History:
Playcrafters history traces it's roots back to the office of Mel Hodges, Director of the Rock Island Illinois Playground and Recreation Commission in the 1920's, and a group known as Marshall Dramatics. Several theatre enthusiasts in the Quad Cities area of Western Illinois (Rock Island, Moline) and Eastern Iowa (Davenport, Bettendorf) had formed groups to quench their thirst for theatre by meeting to read plays.
In 1929 these enthusiasts banded together to stage their own shows under the name conceived by Hodges - Playcrafters.
Despite the onset of the depression, Playcrafters pioneers performed three shows a year in whatever facility they could get their hands on, often paying for locales and scripts with money out of their own pockets. Tickets were only 25 and 35 cents, and if people didn't have the money for tickets, Playcrafters let them in free.

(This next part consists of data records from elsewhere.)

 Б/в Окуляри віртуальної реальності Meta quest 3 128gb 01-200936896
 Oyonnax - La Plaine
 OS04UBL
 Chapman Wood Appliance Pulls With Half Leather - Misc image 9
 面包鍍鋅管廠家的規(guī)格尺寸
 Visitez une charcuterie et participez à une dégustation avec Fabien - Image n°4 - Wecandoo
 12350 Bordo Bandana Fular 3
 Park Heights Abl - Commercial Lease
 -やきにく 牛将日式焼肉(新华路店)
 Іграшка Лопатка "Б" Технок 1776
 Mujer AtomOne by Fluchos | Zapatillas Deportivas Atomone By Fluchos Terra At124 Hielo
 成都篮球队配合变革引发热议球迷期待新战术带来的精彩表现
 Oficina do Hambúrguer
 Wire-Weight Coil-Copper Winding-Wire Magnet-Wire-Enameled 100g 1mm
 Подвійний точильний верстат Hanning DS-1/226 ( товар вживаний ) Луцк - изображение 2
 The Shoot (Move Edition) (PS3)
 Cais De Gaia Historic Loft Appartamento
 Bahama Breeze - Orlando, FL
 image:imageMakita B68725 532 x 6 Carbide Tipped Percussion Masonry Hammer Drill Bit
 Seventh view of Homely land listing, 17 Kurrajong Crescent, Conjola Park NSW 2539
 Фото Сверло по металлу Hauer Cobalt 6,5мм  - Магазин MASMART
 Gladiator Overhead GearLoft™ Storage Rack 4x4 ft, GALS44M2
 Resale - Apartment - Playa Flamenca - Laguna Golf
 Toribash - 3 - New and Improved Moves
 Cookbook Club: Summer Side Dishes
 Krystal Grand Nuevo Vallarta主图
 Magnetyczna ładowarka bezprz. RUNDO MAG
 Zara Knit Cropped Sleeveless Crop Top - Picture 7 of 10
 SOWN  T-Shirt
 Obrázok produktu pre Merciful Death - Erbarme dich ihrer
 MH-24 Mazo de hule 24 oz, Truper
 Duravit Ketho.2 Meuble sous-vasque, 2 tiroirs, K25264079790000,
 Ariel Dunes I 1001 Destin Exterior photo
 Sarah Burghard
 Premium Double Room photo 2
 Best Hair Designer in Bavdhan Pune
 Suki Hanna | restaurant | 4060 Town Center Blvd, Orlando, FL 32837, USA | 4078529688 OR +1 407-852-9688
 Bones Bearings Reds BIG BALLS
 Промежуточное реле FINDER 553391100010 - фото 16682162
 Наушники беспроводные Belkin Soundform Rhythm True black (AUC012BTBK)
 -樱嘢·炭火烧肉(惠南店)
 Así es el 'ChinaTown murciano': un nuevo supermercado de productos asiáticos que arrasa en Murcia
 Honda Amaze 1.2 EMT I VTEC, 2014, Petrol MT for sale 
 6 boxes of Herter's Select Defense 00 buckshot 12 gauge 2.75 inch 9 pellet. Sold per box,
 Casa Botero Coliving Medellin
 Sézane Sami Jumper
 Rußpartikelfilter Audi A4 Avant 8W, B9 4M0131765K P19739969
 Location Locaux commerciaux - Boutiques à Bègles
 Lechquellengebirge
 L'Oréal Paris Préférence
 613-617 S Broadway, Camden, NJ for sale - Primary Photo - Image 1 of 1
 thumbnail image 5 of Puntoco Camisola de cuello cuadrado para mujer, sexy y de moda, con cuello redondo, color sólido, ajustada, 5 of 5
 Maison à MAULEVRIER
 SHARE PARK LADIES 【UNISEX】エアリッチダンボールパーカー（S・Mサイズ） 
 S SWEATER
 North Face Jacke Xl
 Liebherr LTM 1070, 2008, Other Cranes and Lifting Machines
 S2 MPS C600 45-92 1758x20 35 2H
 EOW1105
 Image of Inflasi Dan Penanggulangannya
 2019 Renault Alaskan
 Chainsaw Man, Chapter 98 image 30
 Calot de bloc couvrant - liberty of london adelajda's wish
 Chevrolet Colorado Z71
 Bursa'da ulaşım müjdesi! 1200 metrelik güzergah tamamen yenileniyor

For it's first 30 years Playcrafters we're reminiscent of a wandering band of minstrels, as venues varied from show to show. Performances were held on outdoor stages, in Audubon School, in the old Fort Theater (now Circa 21), at the old Pronger's Restaurant in Davenport, Iowa, in the Terrace Room of the old Plantation, and at the old Tower Restaurant in Moline, Illinois before the little theater of Rock Island High School became a semi-permanent home.
Sets or flats were constructed in Henry Carlson's Rock Island garage and in members basements, then carted along with lights, and props to wherever that nights production would be held.